Baley no se molestó en explicárselo, pues sólo hubiera servido para esclarecer las cosas a Gladia. Y si conseguía aclarárselas, el resultado sería muy desagradable para ella.
—Sólo una pregunta. La visualizaré de nuevo, Gladia, cuando termine con Leebig. ¿Qué hora tiene usted, por favor?
Lamentó inmediatamente haberle hecho aquella pregunta. Un robot le hubiera dado la equivalencia terrestre, pero Gladia podía responderle según el cómputo del tiempo solariano, y Baley ya estaba cansado de demostrar su ignorancia.
Afortunadamente, Gladia respondió en términos puramente cualitativos:
—Es media tarde.
—Esa hora se aplica también a la hacienda de Leebig, ¿no es cierto?
—Desde luego.
—Muy bien. La visualizaré de nuevo cuando pueda y quedaremos de acuerdo para vernos.
Ella demostró nuevamente cierta vacilación.

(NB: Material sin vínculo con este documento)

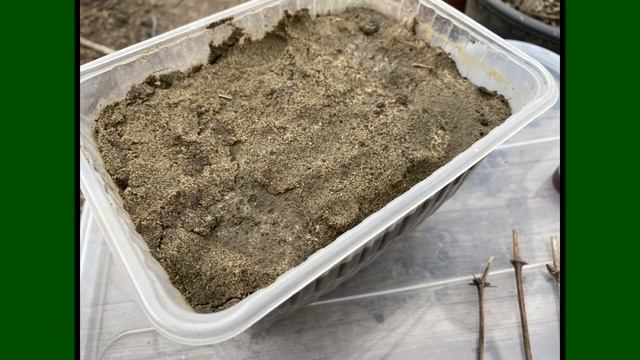 ОБЪЯВЛЕНИЕ ДЛЯ ПОДПИСЧИКОВ. ДАВАЙТЕ НЕ ТЕРЯТЬСЯ!!! Еще один способ черенкования. смотреть онлайн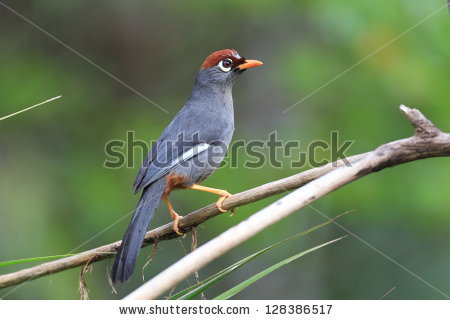 Chestnut-capped Laughingthrush clipart #4, Download drawings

—¿Es absolutamente necesario?
—Sí.
—Muy bien — accedió en voz baja.
Hubo cierta demora en el contacto con Leebig, que Baley aprovechó para comerse otro bocadillo que le trajeron en su envoltorio original. Pero se había vuelto más cauteloso. Examinó cuidadosamente el precinto antes de romperlo y luego inspeccionó con la mayor atención el contenido.
Aceptó el recipiente de plástico con leche, semideshelada, lo abrió con los dientes y bebió de él. No pudo evitar el sombrío pensamiento de que existían venenos inodoros, insípidos y de acción lenta, que podían introducirse delicadamente mediante agujas hipodérmicas o chorros-aguja de alta presión, pero al cabo desechó este pensamiento, considerándolo infantil.